─── STUDY MATERIAL

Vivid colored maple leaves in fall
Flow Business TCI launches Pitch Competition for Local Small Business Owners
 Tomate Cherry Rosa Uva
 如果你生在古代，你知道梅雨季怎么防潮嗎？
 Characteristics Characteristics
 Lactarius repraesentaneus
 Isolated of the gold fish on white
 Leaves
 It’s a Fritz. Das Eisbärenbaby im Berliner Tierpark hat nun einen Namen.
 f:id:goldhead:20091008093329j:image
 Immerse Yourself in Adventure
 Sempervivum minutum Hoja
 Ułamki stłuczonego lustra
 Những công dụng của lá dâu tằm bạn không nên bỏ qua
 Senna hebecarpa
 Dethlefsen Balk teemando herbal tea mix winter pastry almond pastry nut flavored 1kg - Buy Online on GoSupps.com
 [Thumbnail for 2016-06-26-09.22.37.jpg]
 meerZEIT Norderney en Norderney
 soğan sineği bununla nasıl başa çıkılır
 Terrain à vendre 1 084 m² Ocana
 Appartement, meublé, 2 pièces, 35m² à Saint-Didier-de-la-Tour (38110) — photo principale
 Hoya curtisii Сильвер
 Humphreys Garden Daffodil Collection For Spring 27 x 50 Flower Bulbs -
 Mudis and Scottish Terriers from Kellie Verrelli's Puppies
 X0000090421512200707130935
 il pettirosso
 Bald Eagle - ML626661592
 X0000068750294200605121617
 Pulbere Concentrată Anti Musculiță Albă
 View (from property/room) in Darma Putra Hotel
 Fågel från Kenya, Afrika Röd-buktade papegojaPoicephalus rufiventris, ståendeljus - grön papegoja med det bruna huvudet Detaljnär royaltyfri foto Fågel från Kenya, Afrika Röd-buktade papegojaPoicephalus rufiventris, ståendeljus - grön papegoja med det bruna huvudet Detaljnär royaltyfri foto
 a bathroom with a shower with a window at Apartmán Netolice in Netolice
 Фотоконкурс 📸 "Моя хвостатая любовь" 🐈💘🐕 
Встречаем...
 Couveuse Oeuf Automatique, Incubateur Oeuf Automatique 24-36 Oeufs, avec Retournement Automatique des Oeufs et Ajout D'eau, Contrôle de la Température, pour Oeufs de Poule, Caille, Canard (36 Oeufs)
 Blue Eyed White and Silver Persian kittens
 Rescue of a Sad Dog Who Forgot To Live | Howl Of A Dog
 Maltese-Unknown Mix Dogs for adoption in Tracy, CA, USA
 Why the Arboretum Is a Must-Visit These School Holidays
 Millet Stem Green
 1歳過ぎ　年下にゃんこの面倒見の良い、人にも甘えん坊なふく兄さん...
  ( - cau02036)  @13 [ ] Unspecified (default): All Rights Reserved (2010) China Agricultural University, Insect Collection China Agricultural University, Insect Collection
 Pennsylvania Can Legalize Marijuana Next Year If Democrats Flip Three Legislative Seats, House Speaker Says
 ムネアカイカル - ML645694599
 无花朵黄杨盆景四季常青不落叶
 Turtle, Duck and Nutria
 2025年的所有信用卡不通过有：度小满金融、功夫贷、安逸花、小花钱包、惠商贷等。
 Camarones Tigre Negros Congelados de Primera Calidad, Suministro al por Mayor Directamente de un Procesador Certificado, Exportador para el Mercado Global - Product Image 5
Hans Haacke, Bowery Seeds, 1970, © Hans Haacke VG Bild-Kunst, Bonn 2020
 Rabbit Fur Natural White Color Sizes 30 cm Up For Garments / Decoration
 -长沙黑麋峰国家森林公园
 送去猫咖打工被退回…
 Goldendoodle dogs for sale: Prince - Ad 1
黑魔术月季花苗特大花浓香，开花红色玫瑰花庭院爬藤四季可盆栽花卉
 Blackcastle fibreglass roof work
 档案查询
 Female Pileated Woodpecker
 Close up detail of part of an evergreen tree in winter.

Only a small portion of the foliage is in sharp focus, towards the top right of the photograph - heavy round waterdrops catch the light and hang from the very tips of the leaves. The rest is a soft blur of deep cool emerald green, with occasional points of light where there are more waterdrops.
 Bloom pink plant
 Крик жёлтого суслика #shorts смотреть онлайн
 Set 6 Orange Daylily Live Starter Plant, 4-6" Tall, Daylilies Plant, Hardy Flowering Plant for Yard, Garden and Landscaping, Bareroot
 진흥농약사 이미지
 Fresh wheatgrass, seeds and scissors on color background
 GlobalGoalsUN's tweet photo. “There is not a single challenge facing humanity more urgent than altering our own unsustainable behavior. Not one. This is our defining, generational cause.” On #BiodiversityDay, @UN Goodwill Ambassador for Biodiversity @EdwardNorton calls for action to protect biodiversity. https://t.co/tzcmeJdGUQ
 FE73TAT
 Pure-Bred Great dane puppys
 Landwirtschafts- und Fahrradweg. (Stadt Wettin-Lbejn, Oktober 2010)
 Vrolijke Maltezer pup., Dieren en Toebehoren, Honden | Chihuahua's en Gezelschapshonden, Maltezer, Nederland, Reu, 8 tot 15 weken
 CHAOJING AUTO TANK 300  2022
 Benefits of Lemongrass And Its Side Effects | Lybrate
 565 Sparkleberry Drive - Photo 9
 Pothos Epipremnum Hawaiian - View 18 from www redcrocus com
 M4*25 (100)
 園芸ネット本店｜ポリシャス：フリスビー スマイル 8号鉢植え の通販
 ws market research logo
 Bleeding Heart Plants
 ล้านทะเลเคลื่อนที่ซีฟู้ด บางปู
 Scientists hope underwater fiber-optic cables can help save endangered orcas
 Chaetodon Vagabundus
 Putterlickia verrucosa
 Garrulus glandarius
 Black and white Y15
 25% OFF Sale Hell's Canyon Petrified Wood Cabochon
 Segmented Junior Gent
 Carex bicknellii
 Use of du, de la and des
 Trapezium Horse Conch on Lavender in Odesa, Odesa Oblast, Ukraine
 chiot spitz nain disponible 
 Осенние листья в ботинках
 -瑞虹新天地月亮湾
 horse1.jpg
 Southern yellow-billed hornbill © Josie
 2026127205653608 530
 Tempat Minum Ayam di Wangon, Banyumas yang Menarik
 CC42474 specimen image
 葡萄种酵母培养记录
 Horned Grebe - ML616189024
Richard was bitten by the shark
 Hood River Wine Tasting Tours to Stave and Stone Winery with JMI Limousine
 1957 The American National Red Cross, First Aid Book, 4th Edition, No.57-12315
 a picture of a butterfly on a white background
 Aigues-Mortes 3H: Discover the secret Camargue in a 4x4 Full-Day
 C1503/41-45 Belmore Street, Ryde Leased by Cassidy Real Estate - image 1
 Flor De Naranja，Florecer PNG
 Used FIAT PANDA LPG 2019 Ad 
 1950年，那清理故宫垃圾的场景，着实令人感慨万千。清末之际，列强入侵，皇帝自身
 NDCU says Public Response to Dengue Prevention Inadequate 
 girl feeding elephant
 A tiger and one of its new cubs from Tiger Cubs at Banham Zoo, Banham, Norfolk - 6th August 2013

──────

**YOUR OBJECTIVE:** Out of the listing above, reproduce exactly the lines from the one with "( - cau02036)" up to and including the one with "Only a small".

**RESULT BELOW:**
  ( - cau02036)  @13 [ ] Unspecified (default): All Rights Reserved (2010) China Agricultural University, Insect Collection China Agricultural University, Insect Collection
 Pennsylvania Can Legalize Marijuana Next Year If Democrats Flip Three Legislative Seats, House Speaker Says
 ムネアカイカル - ML645694599
 无花朵黄杨盆景四季常青不落叶
 Turtle, Duck and Nutria
 2025年的所有信用卡不通过有：度小满金融、功夫贷、安逸花、小花钱包、惠商贷等。
 Camarones Tigre Negros Congelados de Primera Calidad, Suministro al por Mayor Directamente de un Procesador Certificado, Exportador para el Mercado Global - Product Image 5
Hans Haacke, Bowery Seeds, 1970, © Hans Haacke VG Bild-Kunst, Bonn 2020
 Rabbit Fur Natural White Color Sizes 30 cm Up For Garments / Decoration
 -长沙黑麋峰国家森林公园
 送去猫咖打工被退回…
 Goldendoodle dogs for sale: Prince - Ad 1
黑魔术月季花苗特大花浓香，开花红色玫瑰花庭院爬藤四季可盆栽花卉
 Blackcastle fibreglass roof work
 档案查询
 Female Pileated Woodpecker
 Close up detail of part of an evergreen tree in winter.

Only a small portion of the foliage is in sharp focus, towards the top right of the photograph - heavy round waterdrops catch the light and hang from the very tips of the leaves. The rest is a soft blur of deep cool emerald green, with occasional points of light where there are more waterdrops.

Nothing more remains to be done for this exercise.